Known gap (important): preprocess_images.py currently reads images from pdf_files/ (not from converted_images/). To preprocess pages after conversion, you must copy the converted page images from converted_images/ back into pdf_files/ (so filenames contain the PDF stem the UI expects). This is tracked in Roadmap Phase 1.


Project Structure

OCR-Recognator/
│
├── app.py                      # Streamlit UI — main entry point
├── requirements.txt            # Python dependencies
├── ground_truth.csv            # Placeholder — replace with real CSV data before training
├── walkthrough.md
├── codebase_analysis.md
│
├── scripts/
│   ├── pdf_to_images.py        # PDF to per-page JPEG (DPI=400)
│   ├── preprocess_images.py    # 9-stage image preprocessing chain
│   ├── ocr_model.py            # CRNN + CTCLoss training outline
│   ├── model_architecture.py   # ViT + LSTM head (definition)
│   └── create_ground_truth.py  # Ground truth CSV helper
│
├── pdf_files/                  # INPUT  — place PDFs here (create manually)
├── converted_images/           # OUTPUT — per-page JPEGs from PDF conversion
└── preprocessed_images/        # OUTPUT — binarized and deskewed page images

Setup

Prerequisites

Dependency Purpose Install
Python 3.9+ Runtime python.org
Poppler PDF rendering backend See below
pip packages All Python dependencies pip install -r requirements.txt

Installing Poppler

Windows

Download from poppler-windows releases and extract to one of these paths (auto-detected by the script):

C:\Program Files\Release-24.08.0-0\poppler-24.08.0\Library\bin
C:\poppler\bin
C:\Program Files\poppler\bin

Alternatively, add Poppler's bin/ folder to your system PATH.

macOS
brew install poppler
Linux
sudo apt-get install poppler-utils    # Debian / Ubuntu
sudo yum install poppler-utils        # CentOS / RHEL

Full Setup Steps

# Clone the repository
git clone https://github.com/amarcoder01/OCR-Recognator.git
cd OCR-Recognator

# Create and activate a virtual environment
python -m venv venv
venv\Scripts\activate        # Windows
source venv/bin/activate     # macOS / Linux

# Install all dependencies
pip install -r requirements.txt

# Create the required input directory
mkdir pdf_files

Usage Guide

1. Launch the Lab

python -m streamlit run app.py --server.port 8501

Navigate to http://localhost:8501

2. Convert PDFs

  1. Drop your PDFs into pdf_files/
  2. Select a PDF from the sidebar dropdown
  3. Click "1. Convert to Image" — outputs appear in converted_images/

3. Preprocess Images

Note: Currently reads *.jpg / *.png / *.tiff from pdf_files/, not from converted_images/. As a workaround, copy the converted page images into pdf_files/ before running preprocessing. This will be fixed in Phase 1.
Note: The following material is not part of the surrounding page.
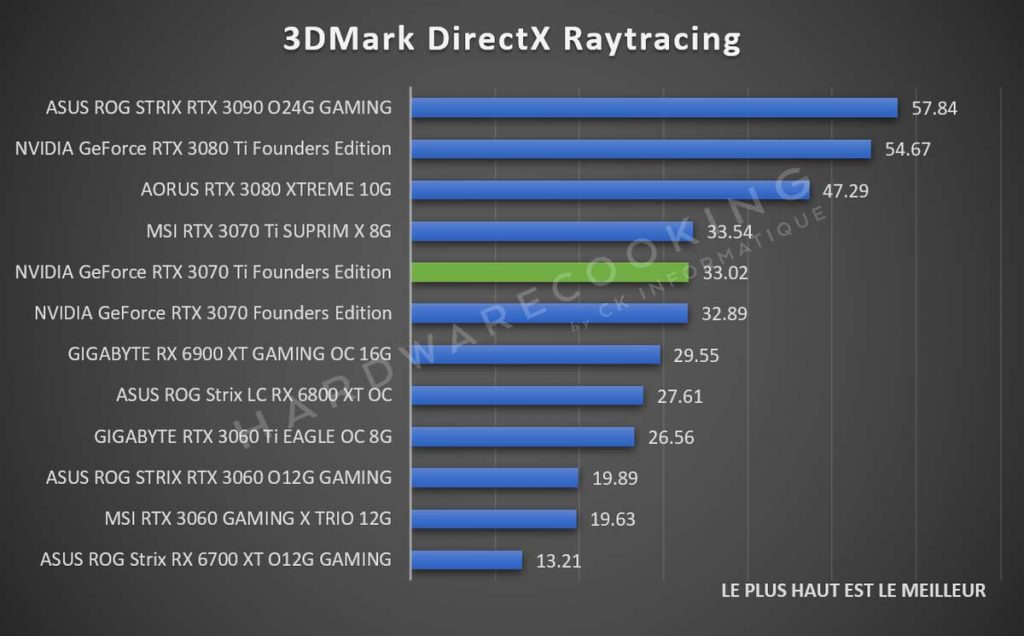 Test NVIDIA GeForce RTX 3070 Ti 3DMark DirectX Raytracing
  1. Click "2. Preprocess" — binarized pages are saved to preprocessed_images/
  2. Open the "Preprocessed Images" tab to inspect results side-by-side

4. OCR Training (CRNN)

# After preparing a valid ground_truth.csv:
python scripts/ocr_model.py

Expected CSV format:

filename,transcription
preprocessed_images/doc_page_1.jpg,Hello World
preprocessed_images/doc_page_2.jpg,Sample text on page two

Note: The repo-root ground_truth.csv is a placeholder and must be replaced with real labeled data before training.


Performance Notes

Stage Bottleneck Recommendation
PDF Conversion DPI=400 is CPU and memory intensive Reduce to 200 DPI for faster iteration; keep 400 for production quality
Preprocessing Bilateral filter + Hough transform Cost scales with image resolution and document complexity
CRNN Training CPU-bound without a GPU Use CUDA-enabled PyTorch for a 10-50x speedup
ViT Backbone Heavy memory footprint Requires proper 3-channel input normalization (see Troubleshooting)

Roadmap

We are actively developing OCR-Recognator toward a complete, production-grade OCR system. Below is the full roadmap, written so that contributors and collaborators can understand exactly what we are building, why each step matters, and what the expected outcome is.
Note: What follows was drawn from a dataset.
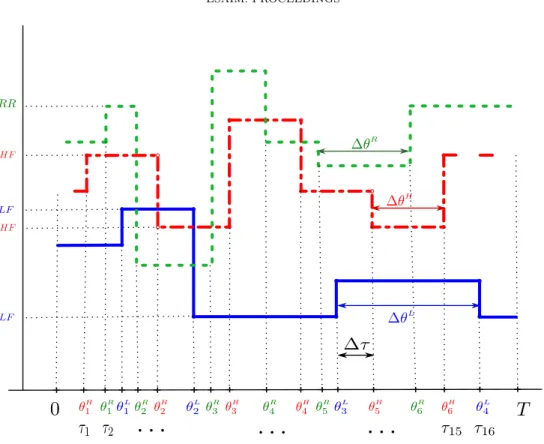 Figure 2. Illustration on how we construct the variables ∆τ, ∆θ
Phase 1 — Close the Pipeline Gap and Add Inference

Goal: Make the system end-to-end in the UI. Right now a user can convert and preprocess but cannot read the text out. Phase 1 closes that gap.

1.1 — Align preprocessing input to conversion output

At the moment preprocess_images.py reads from pdf_files/ instead of converted_images/. This means after converting a PDF you have to manually copy the output before you can preprocess it — which breaks the single-button workflow we want. We will update the script to read directly from converted_images/ so that the full pipeline runs in two clicks: convert, then preprocess.
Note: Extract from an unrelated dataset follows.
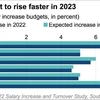 La croissance des salaires devrait être dynamique au Vietnam en 2023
1.2 — Add OCR inference and CTC decoding

We will load trained weights into the CRNN model, run a forward pass on the preprocessed page images, and implement CTC decoding starting with greedy search and optionally extending to beam search. This is the core capability the project is built toward.

1.3 — Wire inference into app.py

Once decoding works in isolation we will surface the output inside the Streamlit UI — decoded text displayed alongside each preprocessed image, with the ability to copy the output or export it as JSON with page-level metadata.

Outcome of Phase 1: A user can drop a PDF in, click two buttons, and read the extracted text in the browser.


Phase 2 — Training Correctness and Data Quality

Goal: Make the training pipeline actually run correctly end-to-end on real data, not just in outline form.

2.1 — Fix the ground truth pipeline

The current ground_truth.csv in the repo root is a placeholder containing Python code, not CSV data. create_ground_truth.py also writes to the wrong path. We will replace the placeholder with a real labeled dataset, enforce the filename,transcription schema throughout, and align all script paths so that ocr_model.py can find and load the CSV without manual edits.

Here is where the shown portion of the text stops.